> What you should do
Starting at the line with "More Photos Of" and ending at the line with "Waschtisch mit Waschbecken, Armatur", print exactly the lines of the entries below. Pictures do not belong in the copy.

> Dataset extract
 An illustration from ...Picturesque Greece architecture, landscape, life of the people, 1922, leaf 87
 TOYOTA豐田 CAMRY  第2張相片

--

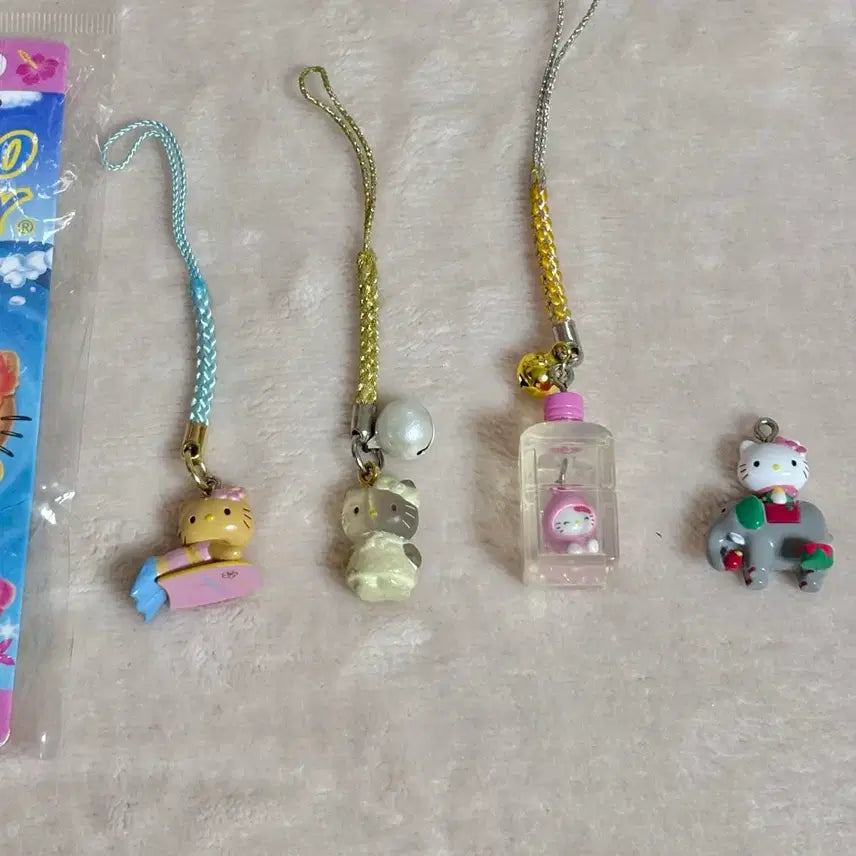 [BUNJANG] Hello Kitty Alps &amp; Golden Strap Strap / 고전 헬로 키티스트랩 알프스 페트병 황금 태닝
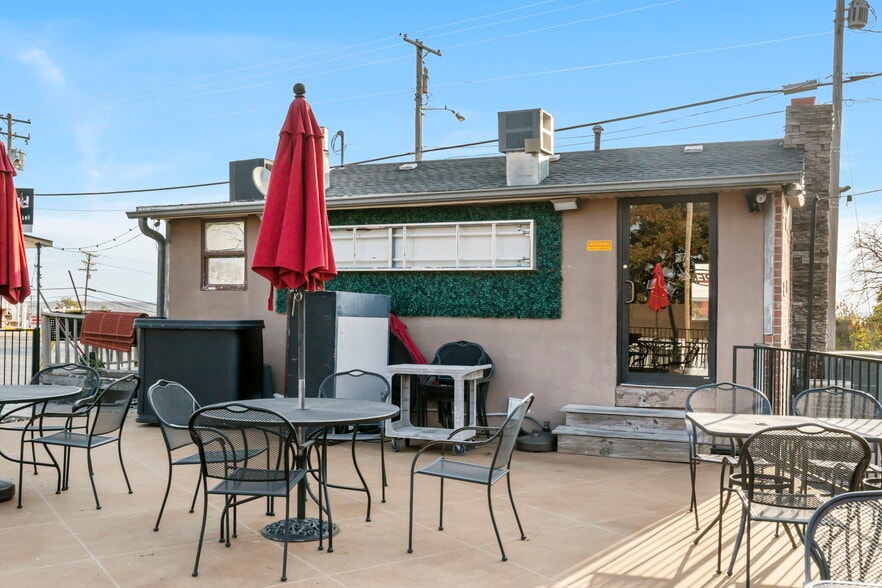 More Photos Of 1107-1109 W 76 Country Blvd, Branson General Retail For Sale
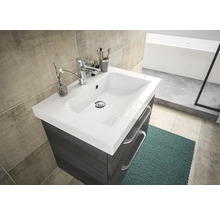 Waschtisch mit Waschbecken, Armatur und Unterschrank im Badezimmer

> Answer for the task
 More Photos Of 1107-1109 W 76 Country Blvd, Branson General Retail For Sale
 Waschtisch mit Waschbecken, Armatur und Unterschrank im Badezimmer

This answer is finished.